How To Change
How to Change
by Katy Milkman
Turn good intentions into real habits—with fewer false starts and more follow-through.
Most of us don’t fail because we don’t care. We fail because change is messy: wrong timing, vague goals, old cues, and environments that fight our best plans. In Katy Milkman’s practical, research-backed playbook, you’ll learn how to close that gap—using smart timing, friction fixes, and simple incentives that make the right behavior the easy behavior.
What’s inside (in real words)
-
Fresh starts that stick: use Mondays, new months, birthdays, and other “temporal landmarks” to reboot with momentum.
-
Clear targets, fewer temptations: turn fuzzy wishes into specific actions and remove tripwires.
-
Make it fun or it won’t get done: bundle chores with rewards so you want to show up.
-
If-then planning: pre-decide moves when obstacles hit, so willpower isn’t the bottleneck.
-
Accountability that helps, not hassles: social commitments and stakes that keep you honest.
-
Design your environment: cues, defaults, and checklists that quietly pull you in the right direction.
Why this matters for leaders
Organizations don’t change—people do. When you make it easier for your team to adopt new habits (safety, service, sales, quality), performance jumps without adding drama. Milkman gives you the switches to flip: timing, incentives, friction, and follow-through.
Big ideas you can use immediately
-
Start on a “fresh start” date. Kick off new habits on a Monday or the first of the month; treat it like a reset.
-
Write if-then rules. “If it’s 8:30 a.m., then I start the daily huddle.” “If I finish a job, then I log notes before the next task.”
-
Temptation bundling.

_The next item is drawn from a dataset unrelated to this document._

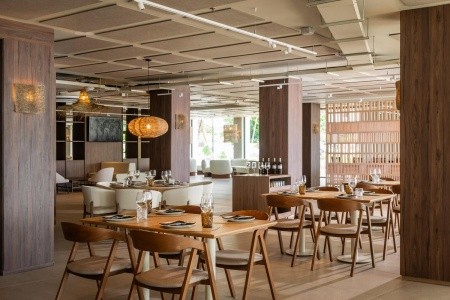 Španielsko Costa Dorada Estival Maramar 5 dňový pobyt All Inclusive Letecky Letisko: Praha September 2025 (17/09/25-21/09/25)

Pair an admin chore with a reward (podcast, music, favorite coffee).
-
Shrink the first step. Make the first action so small it’s hard to say no (the 2-minute version).
-
Make progress visible. Track streaks where everyone can see them; protect streaks like assets.
-
Use commitment devices. Share goals publicly or add small stakes to keep promises real.
Quick practices (5–10 minutes)
-
Two-Minute Launch: do the first tiny version now (open the doc, send the invite, set the timer).
-
If-Then Card: write three common roadblocks and your if-then responses; keep the card on your desk.
-
Temptation Menu: list 3 rewards you’ll pair with 3 chores—lock it in for the week.
-
Friction Audit: remove one step from a recurring task (auto-fill, template, default setting).
-
Streak Board: create a simple team tracker for one behavior; update it at day’s end.
30-day rollout (my recommended plan)
-
Week 1 – Pick one behavior. Choose a high-leverage habit (safety check, follow-up calls, daily huddle). Launch on a fresh-start date.
-
Week 2 – Reduce friction. Templates, checklists, defaults. Add temptation bundling for the least-fun part.
-
Week 3 – Lock accountability. Public streak board + a simple reward for hitting the weekly mark.
-
Week 4 – If-Then & review. Write if-then plans for the 3 most likely derailers. Capture lessons and set the next 30-day target.
Where it helps most
-
Sales & service: consistent outreach and follow-through.
-
Field & ops: safety, quality, and start-of-shift routines.
-
Leaders & managers: regular 1:1s, feedback cadence, and deep-work blocks.
-
Personal performance: health, learning, and focus habits that fuel better leadership.
Who this is for
Owners, executives, supervisors, and up-and-coming leaders who want a practical way to turn “we should” into “we did”—with systems that stick.
Call to Action
-
Pick one habit that would move the needle this month.
-
Launch on a fresh-start date and pair it with a small reward.
-
Post a streak board and protect it for 30 days.